Gli autori dello studio A new interpretation of Madagascar’s megafaunal decline: The “Subsistence Shift Hypothesis” hanno trovato dozzine di fossili con segni di macellazione, dimostrando che alcune persone in Madagascar hanno dato la caccia e mangiato la megafauna per millenni senza causarne l’estinzione. Il declino di quelle enormi creature sarebbe dunque da ascrivere, secondo i ricercatori, al brusco cambio di utilizzo del territorio e all’espansione dell’agricoltura che avrebbe convertito vaste aree di foresta in praterie. L’analisi di antichi sedimenti lacustri ha inoltre evidenziato la presenza di grani di polline, piccoli grani di carbone e una grande quantità di funghi noti come Sporormiella, associati allo sterco di grandi erbivori come le mucche. Questo indicherebbe l’aumento simultaneo di pascoli, incendi e mucche e di altri animali addomesticati, a testimonianza di un improvviso cambiamento nello stile di vita dei malgasci.
L’introduzione dell’allevamento del bestiame e dell’agricoltura “taglia e brucia” avrebbero favorito il rapido aumento delle dimensioni della popolazione umana e questo avrebbe sancito la condanna a morte per la megafauna.

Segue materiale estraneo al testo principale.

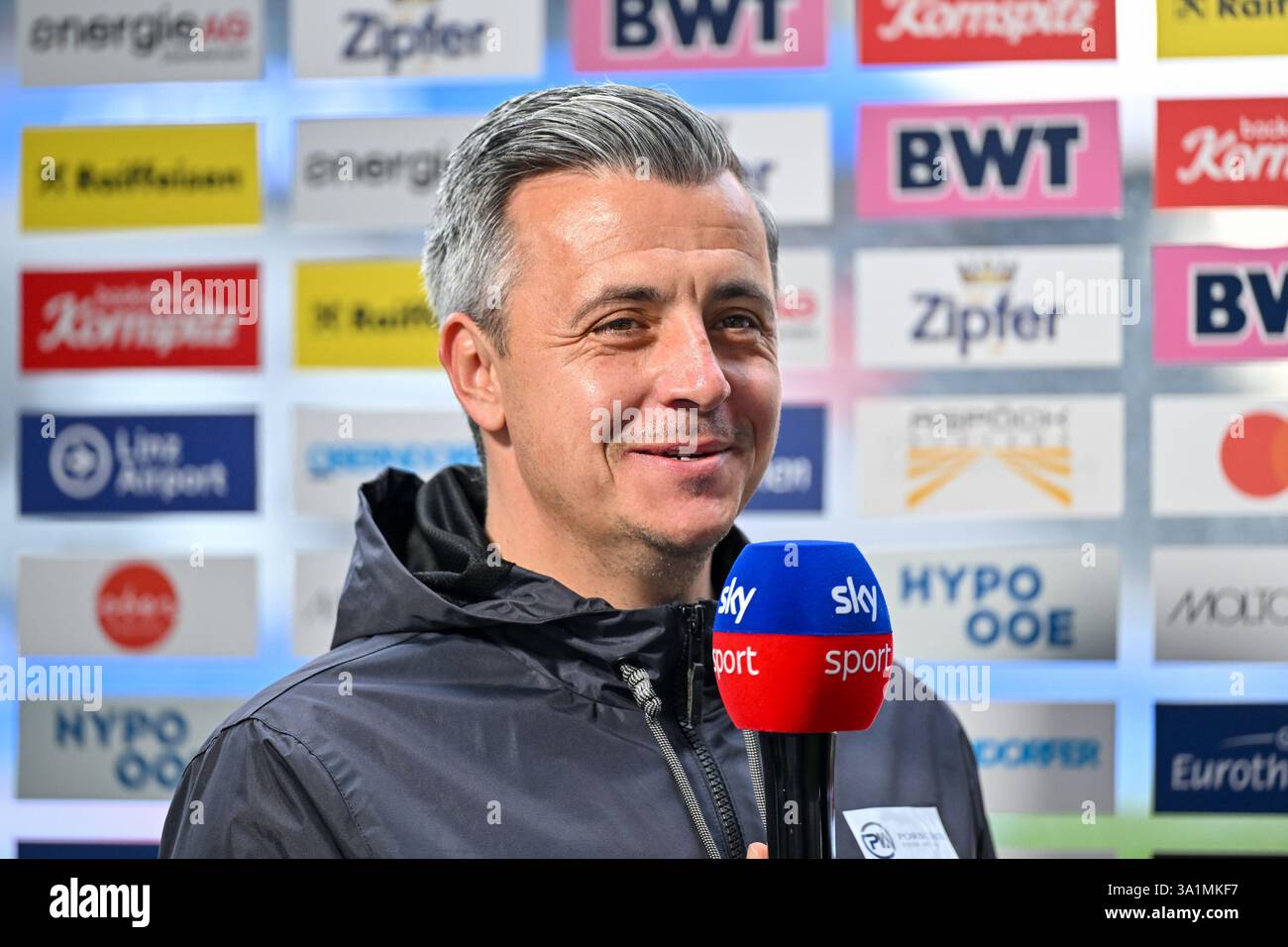 Linz Austria 09th Mar 2025 LINZ AUSTRIA MARCH 9 Head Coach linz-austria-09th-mar-2025-linz-austria-march-9-head-coach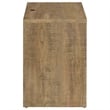 Westpark 2-drawer Nightstand LED Lights and USB Mango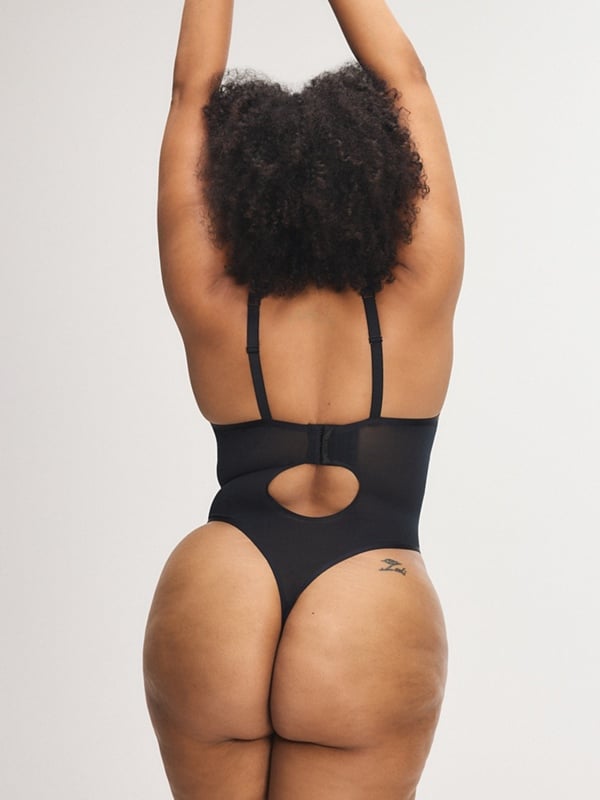 Sheer X Underwire Teddy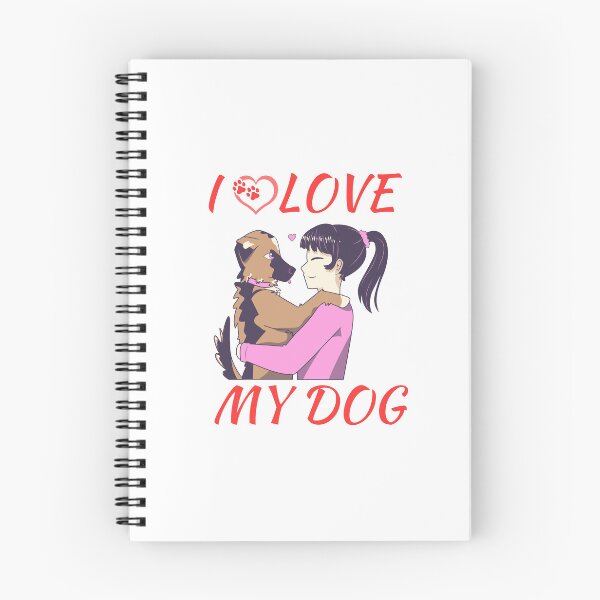 Item preview, dog mom cuddling puppy, I love my dog designed and sold by Itsforyou1.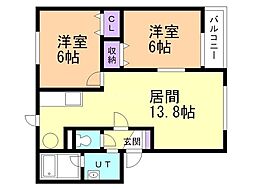 間取図画像 2LDK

I ricercatori sostengono pertanto che l’impatto della crescente popolazione umana, che cacciava in maniera marginale i grandi animali avendo sviluppato nuove forme di sostentamento, fu decisamente maggiore di quella dei primi, sparuti gruppi umani che abitavano l’isola e la cui dieta era basata quasi esclusivamente sugli animali selvatici, e che la scomparsa dei giganti sia dunque stata causata dal cambiamento di sussistenza.
Questa nuova consapevolezza potrebbe avere conseguenze sugli attuali sforzi di conservazione degli ultimi grandi animali superstiti, come elefanti, rinoceronti, giraffe e tapiri. Lo studio sostiene infatti che in Madagascar gli esseri umani avrebbero vissuto per millenni a fianco di grandi animali senza causarne l’estinzione. “Ciò significa che l’estinzione della megafauna non è una conseguenza inevitabile della presenza umana – ha affermato Laurie Godfrey, paleontologa all’università di Massachusetts Amherst e coautrice del nuovo studio – il che a sua volta suggerisce che le persone possono impegnarsi in attività che non comportino l’estinzione”.